Foi quando fez referência ao advogado
Sepúlveda Pertence, morto nesse domingo, aos 85 anos. Ele era presidente do
Tribunal Superior Eleitoral pela segunda vez, em 2004, quando o fazendeiro
Antério Mânica foi eleito prefeito de Unaí (MG). Pesava contra si a morte de
três fiscais do trabalho e um motorista no início daquele ano, no que ficou
conhecida como a “Chacina de Unaí”. Ele estava na cadeia quando foi preso.

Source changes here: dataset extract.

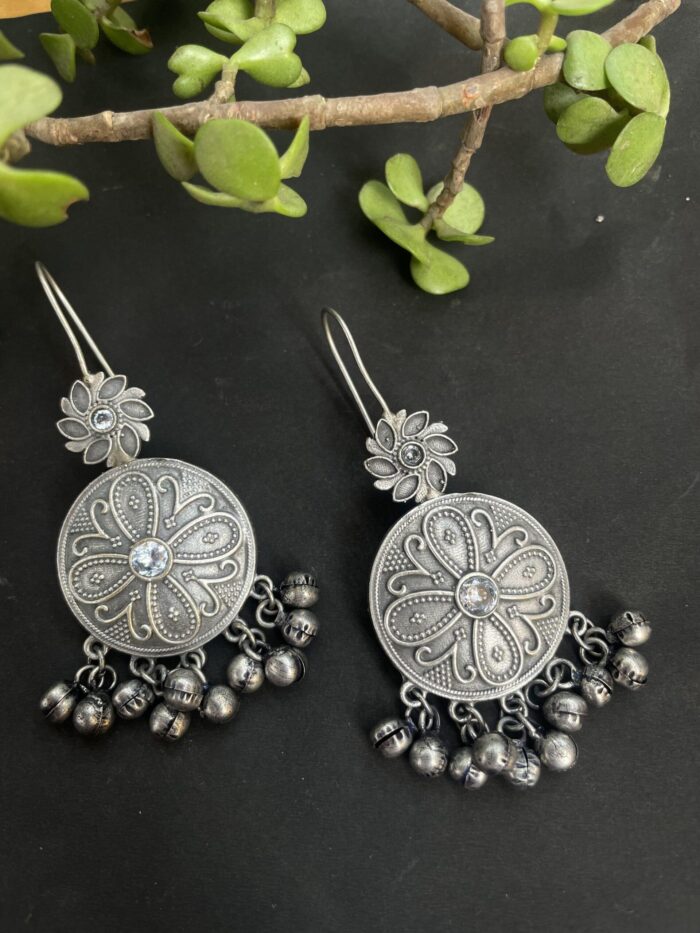 Oxidised Chandbali Earrings AJP2022-91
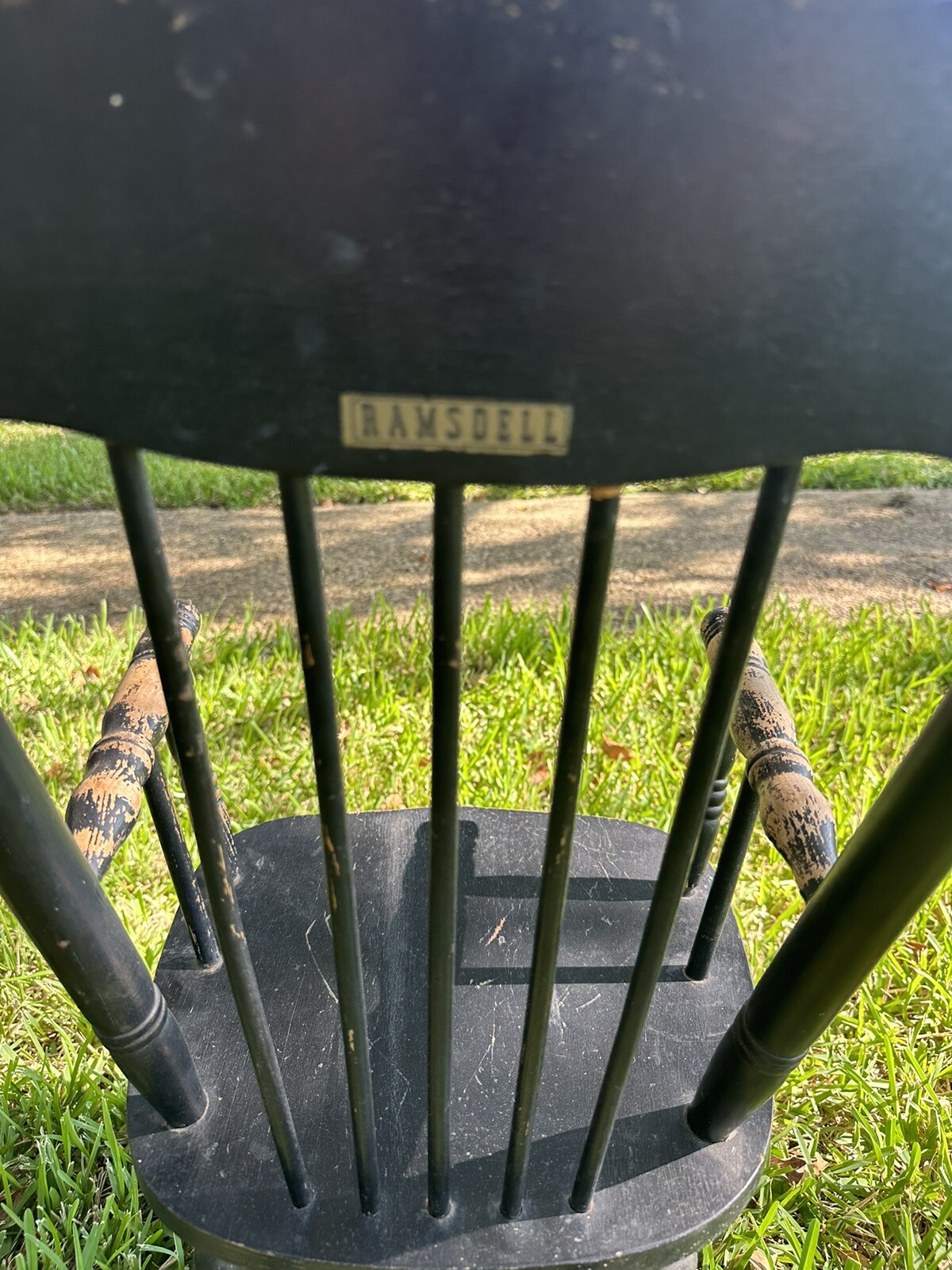 Vintage Ramsdell Child’s Rocking Chair. Plays Music When Chair Rocks | eBay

“Foi eleito, será diplomado e empossado”,
disse Pertence. Sua condenação, por júri popular, só se daria 12 anos depois
quando Mânica já tinha exercido dois mandatos como prefeito. Em 2015, recebeu
do júri a pena de 100 anos de prisão. O caso mobilizou a sociedade para o
recolhimento de mais de 1,5 milhão de assinaturas e apresentação do projeto de
lei de iniciativa popular da Ficha Limpa. Cármen Lúcia o citou como exemplo de
como a Corte não tinha por tradição se afastar do cumprimento do direito e como
menção oculta ao que ainda está por vir.
A contenção da extrema direita, porém, será
tanto mais eficaz - e legítima - quanto for operada pela política. A
contundência de Alexandre de Moraes, sugere que o Judiciário continuará
embandeirado na defesa da democracia (“A resposta que este tribunal dará a esta
questão confirmará nossa fé na democracia e no estado de direito, repulsa ao
populismo renascido dos discursos de ódio, antidemocráticos que propagam
desinformação por milicianos digitais em todo mundo”) na condução do inquérito
do STF. Mas a tarefa principal cabe à direita democrática e àqueles que hoje estão
no poder.
E Lula? Comete, no tema, os mesmos deslizes
a 40 anos como o fez ao relativizar o conceito de democracia na Venezuela. Fora
do teatro da política ninguém leva a sério o descompromisso de Lula com a
democracia, ainda mais depois de ele ter sido o único a se apresentar em
condições de salvá-la em 2022. Não parece muito claro, porém, o que o
presidente ganha com isso. Bem mais evidente é o que perde. Se não duela mais
com Bolsonaro, visto que ele está fora do jogo, pode dar munição para quem faz carreira
na política no antilulismo.
É verdade que as chances de Lula amealhar uma fatia do bolsonarismo dependem, primordialmente, do seu governo. É a partir dele que pode atrair até a centro-direita que esteve com Bolsonaro. Mas, a partir de agora, e por oito anos, o Brasil tem chance de baixar a temperatura da política e devolvê-la à mediação transparente, democrática e serena do conflito de interesses. E o exemplo maior, para isso, é de quem está no poder.
Quem fala a verdade não merece castigo.